はかりきれない.jpg 「はかりきれない世界の単位」、米澤 敬 著・日下 明 イラスト、創元社、2017
 ISBN:978-4-422-70107-3

 人や動物の身体、活動、習慣などに由来、日常生活や仕事の上からの必要性、自然現象の説明のため考案され使われていたり、今日では別の単位系(国際単位系)に代わられたりしているものが多い。(特定の職業や趣味の集団でそれぞれの単位が今でも使われているものだろうか)

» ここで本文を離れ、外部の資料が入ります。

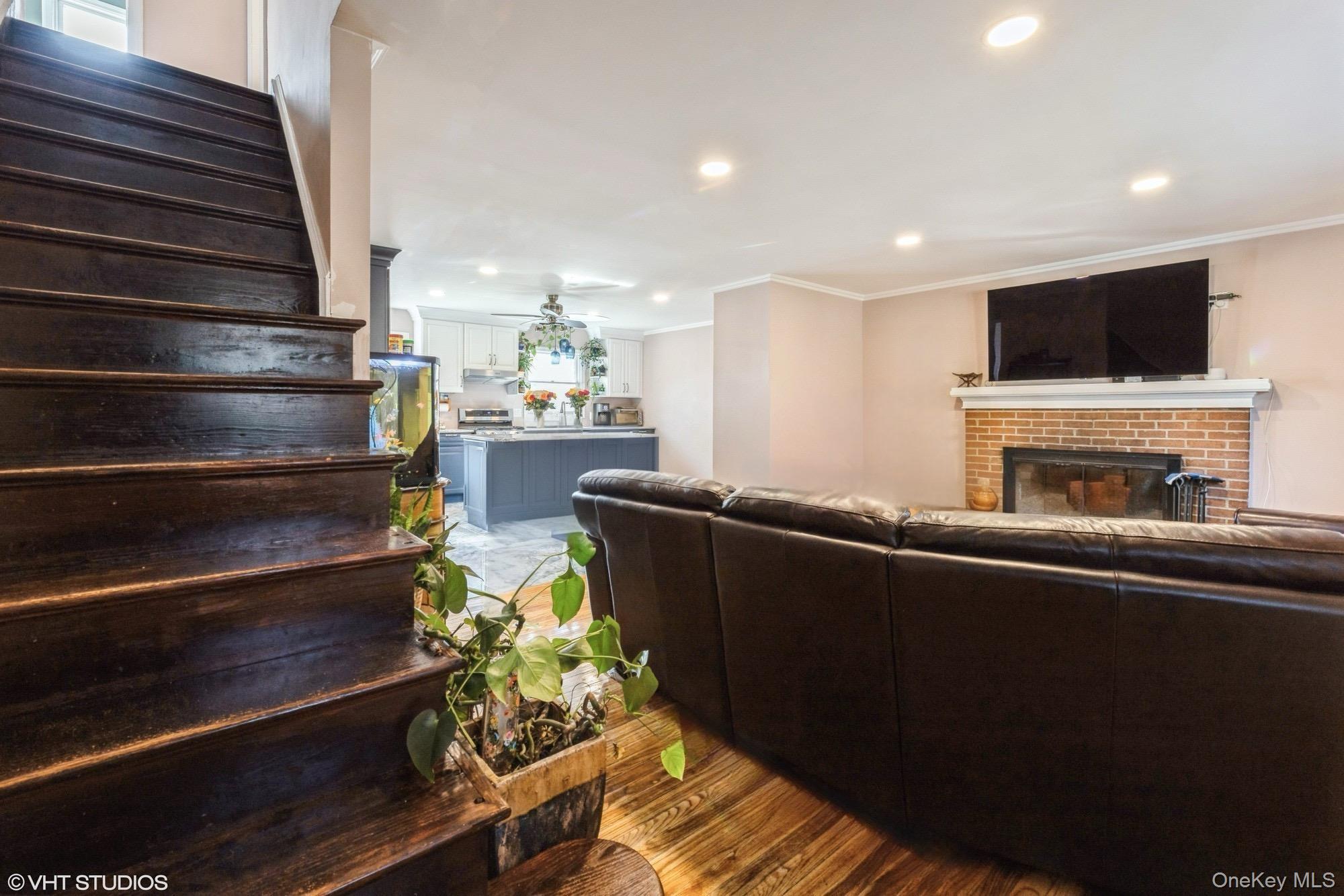 289 Quaker Road Pomona, NY 10970 - Photo 12 of 30 a living room with furniture a flat screen tv and kitchen view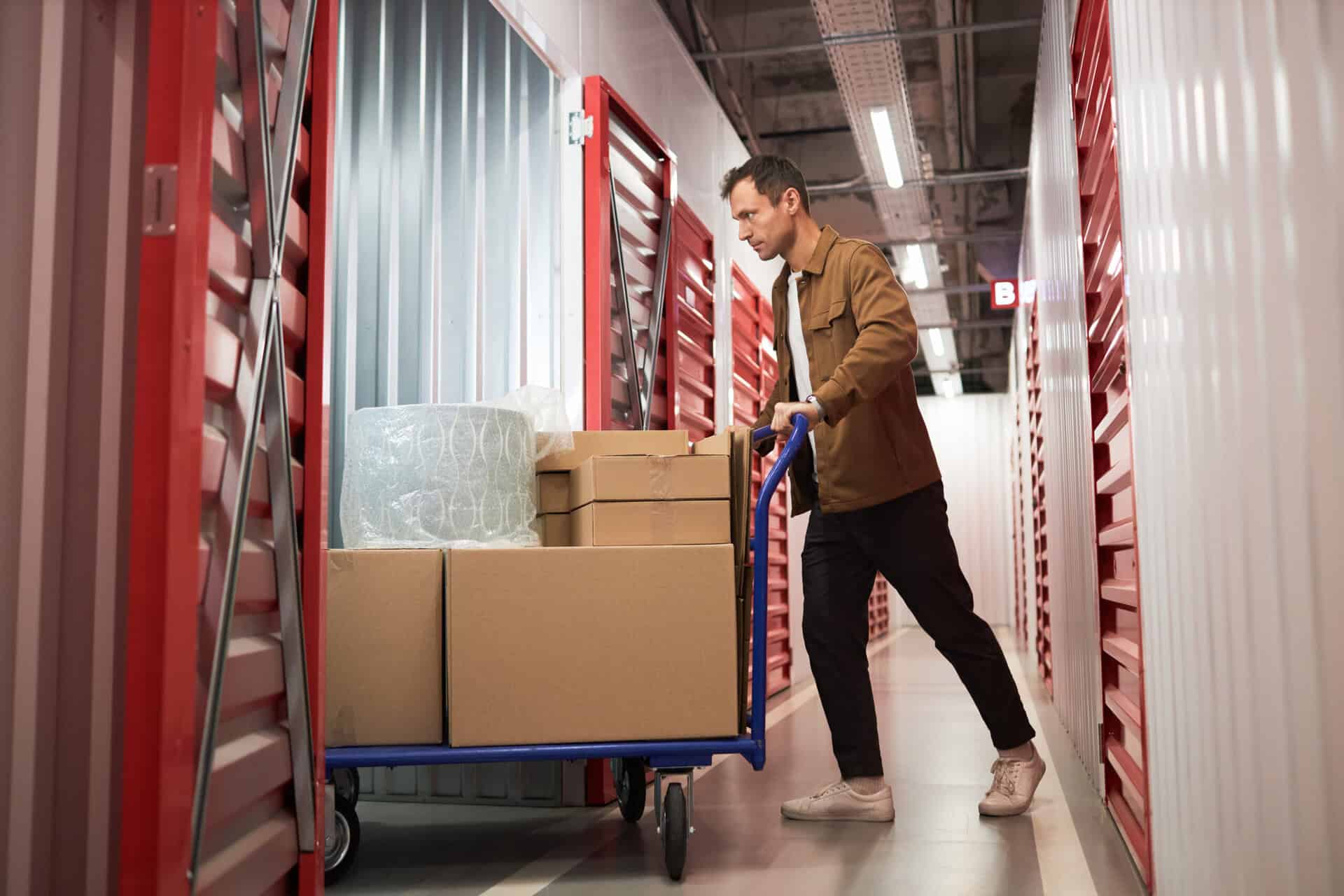 Customer moving boxes into a secure self-storage unit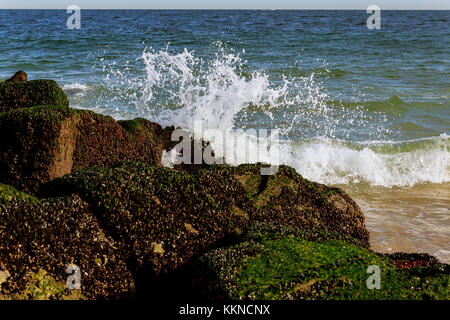 Grandi onde che si infrangono sulla riva con schiuma di mare Costa dell'oceano onda di pietre Foto Stock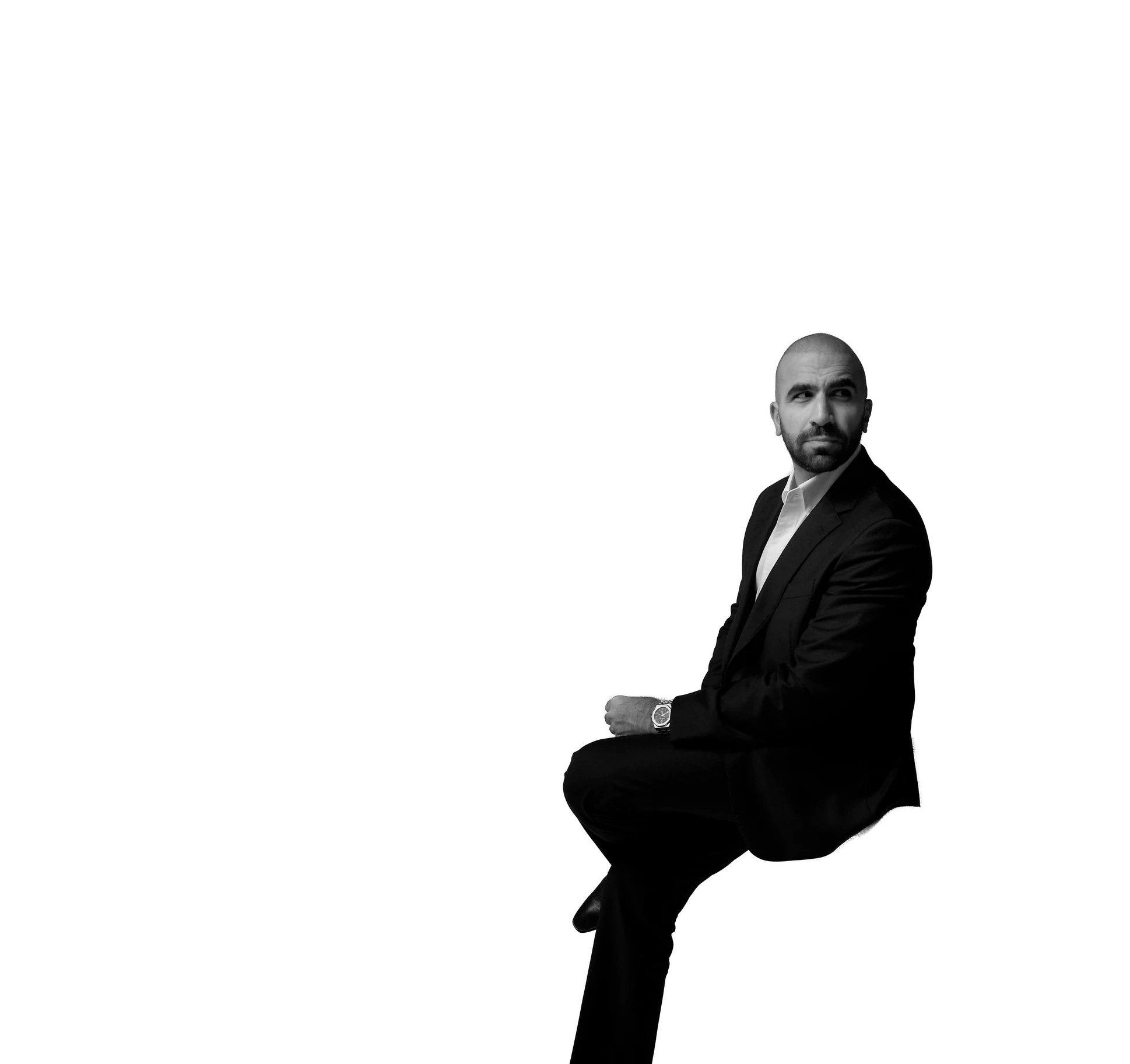 Ahmed El-Gamal seated, looking over his shoulder, in a dark suit and white shirt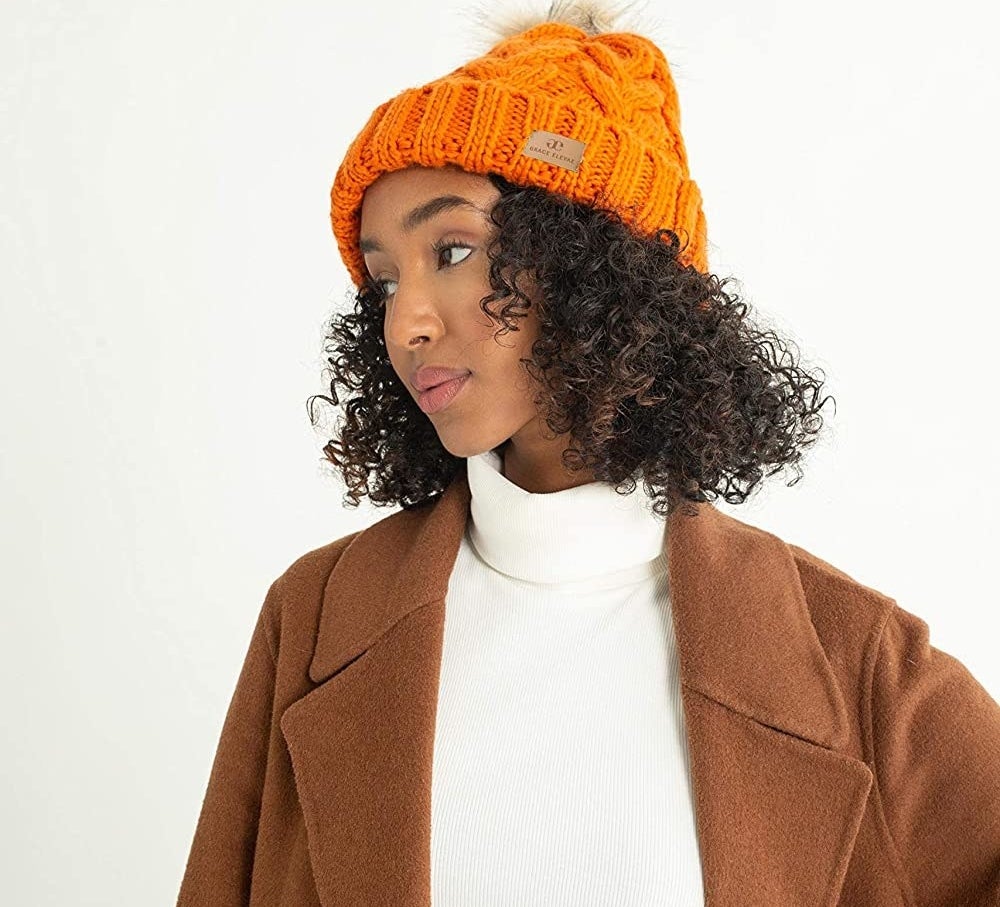 Model in the orange hat with a faux fur pompom
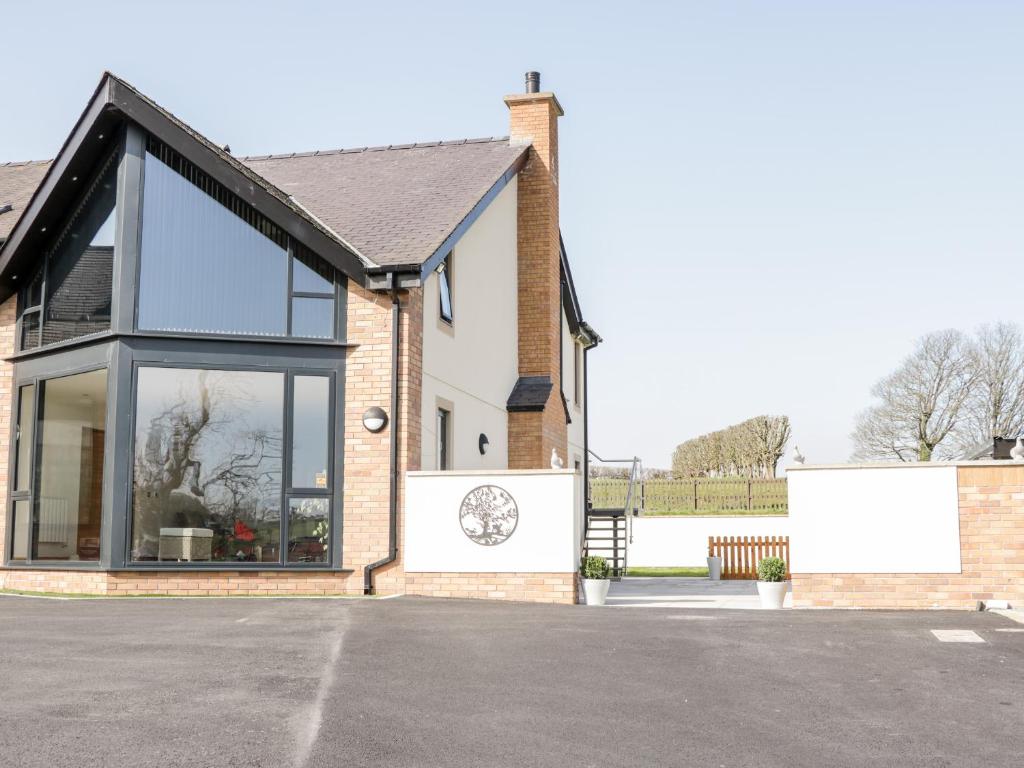 a house with large glass windows and a driveway at The Annexe in Llanfairpwllgwyngyll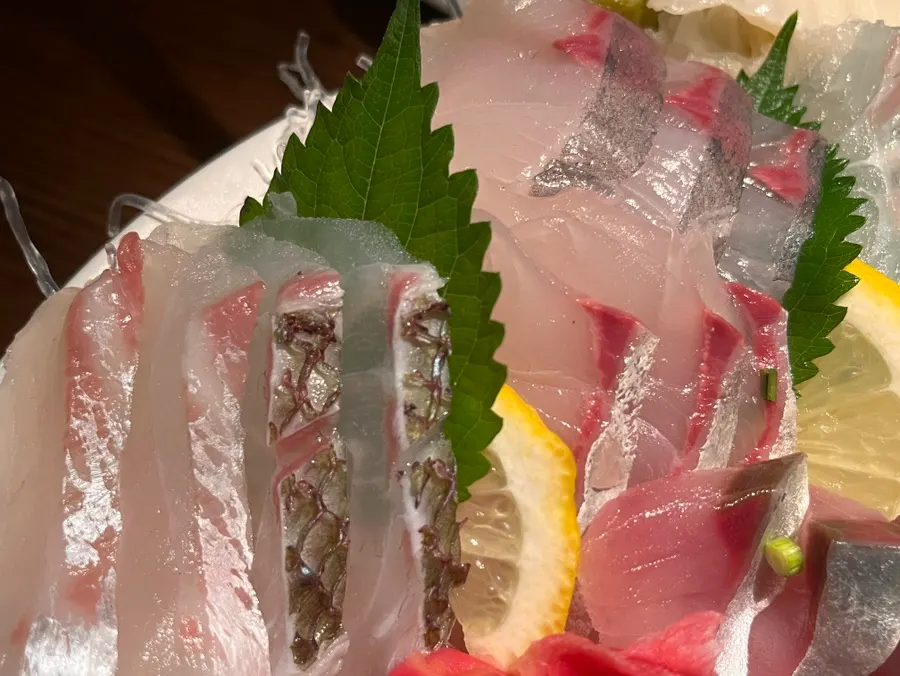 Plate of flounder, sea bass, and red seabream aged sashimi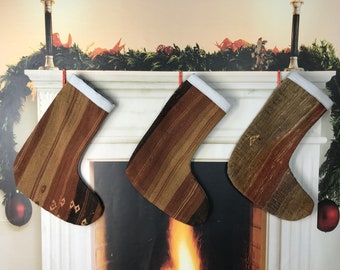 Puede incluir: Tres calcetines de Navidad a rayas marrones y beige con ribete blanco colgados de una repisa de chimenea blanca sobre una chimenea.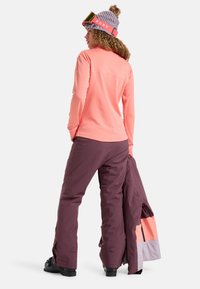Light pink long-sleeve top, purple snow pants, gray and orange jacket, knit lavender hat, holding jacket, black boots, textured materials.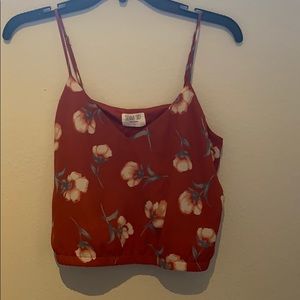 Orange cropped floral shirt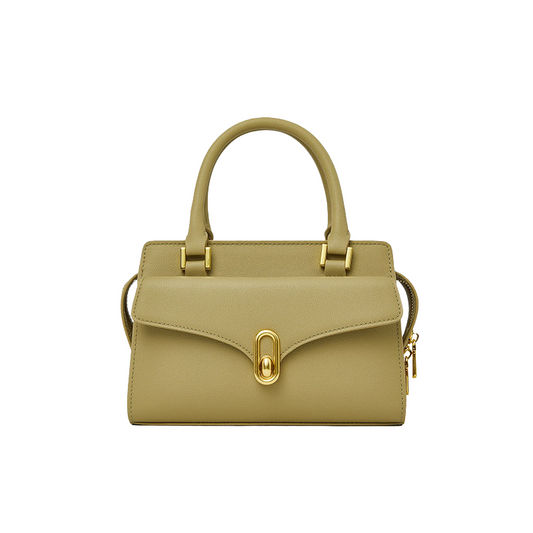 lock buckle leather crossbody bag in apricot color with top handle and structured design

 本書にはそれぞれの単位で基準となるものにばらつきがあったり、測定対象が物体で無かったり、測定に特殊な機材が必要だったり、感覚的であったり哲学的・思考的なものなどを集めており「はかりきれない」という修飾語を冠しているのだろう。
 本邦を始め、古代中国・インド・欧州そして今日的なものまで50種の単位が取り上げられている。例えば、白長須鯨(しろながすくじら):白長須鯨で取れる油に換算した他の鯨から採れる鯨油量。和裁に使われている鯨尺は鯨の髭の長さに由来する別の長さの単位。
 「白長須鯨」は日本よりも米国で発案されそうな単位だが、添えられている言語は日本語だ。米国ではそのような換算の必要性が無かったのか?

 人々の暮らしの中で必要に迫られ登場した単位の数々に発想の妙や、豊かさを感じる。

 添えられたイラストも素敵だ。

 実用性は?どのようなものを測っていたのか(実例の提示がある例も有るが)。などいろいろ想像する。

 本書は「世界を旅するイラストブックシリーズ」の一冊で、他に「翻訳できない世界のことば」、「誰も知らない世界のことわざ」などがある。因みに「世界のことば」の日本語では「わび-さび、こもれび」などが取り上げられている。

 なお、王の前腕 Konigliche Elle (oはウムラウトo)が目次には腕前となっている。